Orpheus had barely spoken since they’d found Gryphon. Thankfully, her singing was keeping the guardian relaxed, but that didn’t ease Skyla’s anxiety. She wanted out of this shop of horrors as much as Orpheus did. And she never wanted to come back.
They climbed the mountain in silence, descended the other side as day shifted to night. But night here wasn’t anything more than a darker version of a swirling red sky of gloom, so there was still plenty of light to push them on. At the base of the mighty mountains they passed into the Fields of Asphodel, the black, barren, and dead landscape of Tartarus replaced with shades of gray as if from a black-and-white movie.
Souls immediately rushed in their direction, floated around them as they crossed the fields of waist-high wheat, curious as they looked from face to face. Unlike the souls in Tartarus, these craved interaction. The ghostlike apparitions could almost be considered human if, that is, one ignored the depression and longing radiating from them like heat from a baking stone.
Skyla kept a keen eye out for any surprises. Twice she pulled her bow and arrow only to realize what she’d thought was a threat turned out to be nothing more than another curious soul.
The wheat fields ended as they reached the barren knoll and started their ascent to the top of the ridge where they’d run into Cerberus. She was ready with her arrow. Ready to sing again if she had to. But the three-headed dog was nowhere to be seen.
Orpheus leaned down to her ear. “His absence doesn’t make me feel any more reassured.”
Her either.
They crossed to the dock. Beneath their feet the River Styx swirled in shades of red and black.
“Will Charon come back or should we start swimming?” Skyla asked, eyeing the water, not sure she wanted to touch it. She was pretty sure she saw an arm floating by.
“He’ll come back,” Orpheus answered, hefting Gryphon’s motionless body higher on his shoulder.
“How do you know?”
For a moment Orpheus said nothing, then his brow lowered. “I just…know.”
Skyla’s stomach tightened as she searched the distance for Charon and his ferry. Closing her eyes, she fought back the nausea. And for the first time she thought about what could have been, and probably was, done to Orpheus when he’d been trapped down here.
Nearly two thousand years. Gryphon was a muttering, blubbering mess and he’d only been here three months. What must Orpheus have endured?
“Look. There.” Orpheus pointed upriver. A light shone far off in the distance, growing brighter with every second.

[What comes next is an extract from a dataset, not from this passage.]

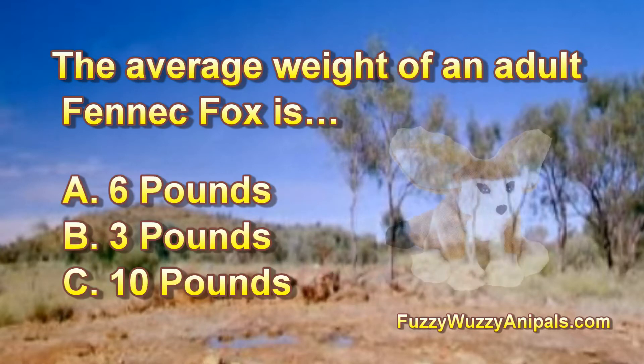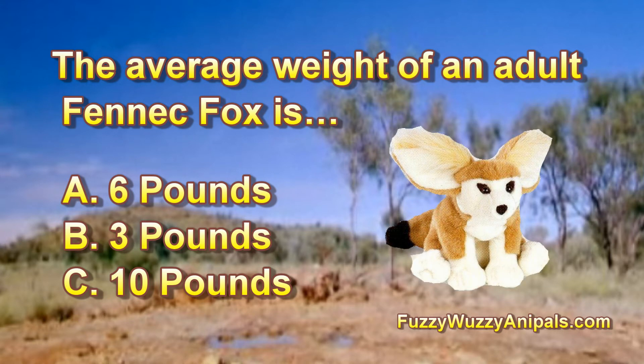The average weight of an adult Fennec Fox is: A: 6 pounds, B: 3 pounds, C: 10 pounds.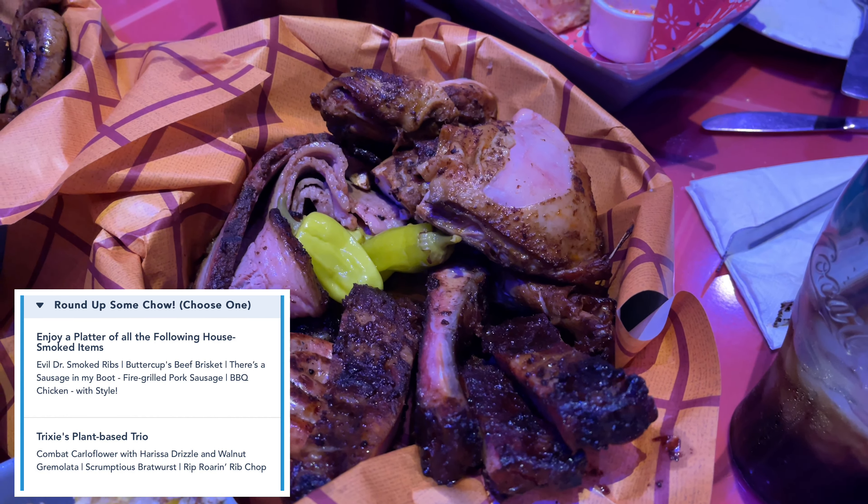You can choose up to four side dishes for your table. We had the grilled street corn, Slinky Dog's mac and cheese, the Married Spuds loaded potato barrels, and the force-filled fried pickles.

Skyla swallowed around the lump in her throat and told herself not to think about what might have been done to him. He was alive, with her now. If he remembered anything she would have noticed. She glanced at his chest where the earth element lay hidden beneath the shirt he’d put back on, then up to his strong jaw and chiseled cheekbones, and finally to those eyes like melted silver. She’d do whatever she had to do to make sure it never happened again.
“Get out your coins,” Orpheus said.
Skyla rifled through her pockets for the coins he’d given her earlier. The ferry approached, bumped against the dock. Charon didn’t speak, but this time, unlike before, there was a pitying, almost sad look in his eyes.
Her hands shook as she handed him three coins, stepped onto the boat. Orpheus moved on after her, spread his legs to balance Gryphon’s weight as the ferry pushed off and turned in the swirling red water. No one spoke as they traveled upriver. And though she tried not to notice, that feeling they were being watched lingered. As did the feeling everything was about to come crashing down.
They’ll strike when you think you’re free.
Her pulse picked up as they reached the dock, as the ferry bumped its way to a stop. Heart thumping beneath her breast, she climbed off the boat and reached for her bow and arrow again. The tunnel they’d ventured into at the start loomed ahead. Empty. Dark. The perfect hiding place for something or someone waiting to attack.
“Get my light,” Orpheus said as the ferry pulled away and Charon disappeared into darkness.
Skyla reached into his pack, grasped the flashlight and flicked it on. Orpheus held out his hand. “I’ll light the way. You just stay ready.”
He was thinking the same thing as she. For some reason, that put her at ease. She nodded, brought her bow up, readied her arrow. They headed into the tunnel without a word.
A chill spread down her spine, the heat of Tartarus long gone. As they picked their way around stalagmites and eased through narrow corners, then passed pools of murky white liquid, she imagined the worst: Cerberus jumping out at them, Hades appearing in a poof of smoke, a fire daemon swirling in a vortex. But none of those scenarios came true. No apparitions, no interference, not even a sound, other than their boots scraping rock and their rapid breaths as they moved.
The tunnel came to an abrupt halt. Skyla stared at the wall of rock, the uneven edges and mottled stone, as Orpheus ran the light from floor to ceiling to look for an opening.
“There has to be a way through,” she said.